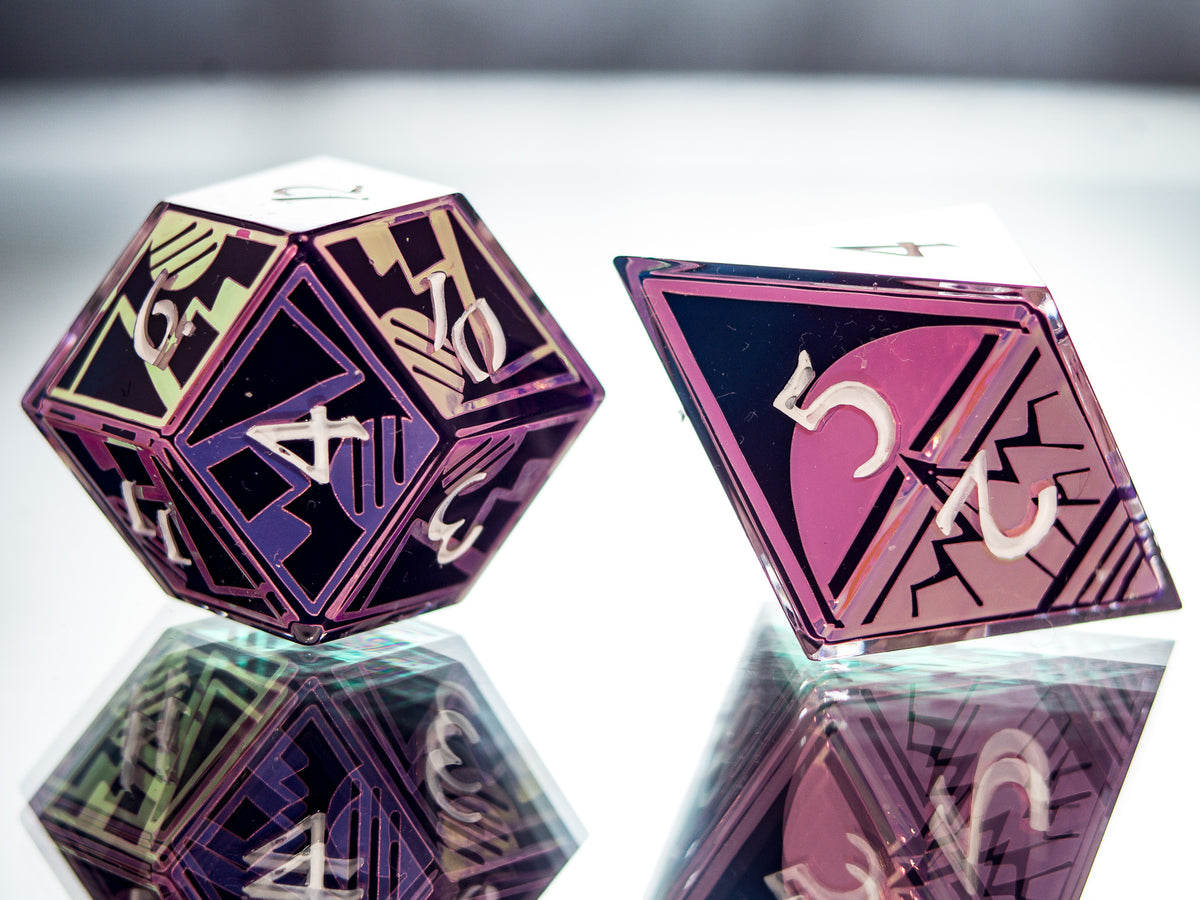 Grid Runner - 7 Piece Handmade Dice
--
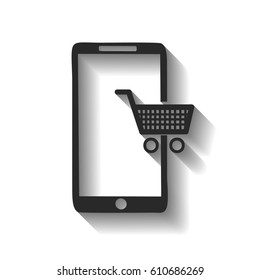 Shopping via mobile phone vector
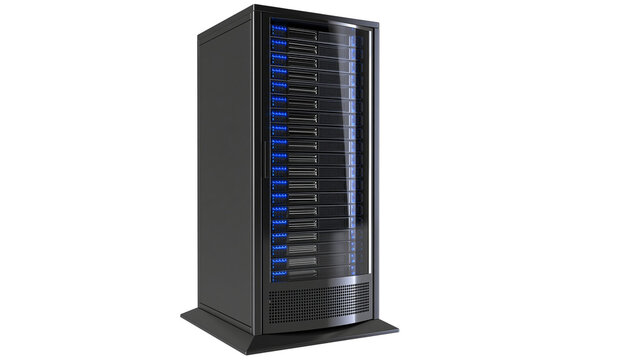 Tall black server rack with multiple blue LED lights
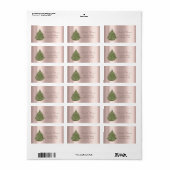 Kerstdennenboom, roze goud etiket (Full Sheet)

What is needed: What's needed is an exact copy of the lines above from the one with "Tall black server" through the one with "Kerstdennenboom, roze goud", both included; the pictures stay out.

Task answer:
 Tall black server rack with multiple blue LED lights
 Kerstdennenboom, roze goud etiket (Full Sheet)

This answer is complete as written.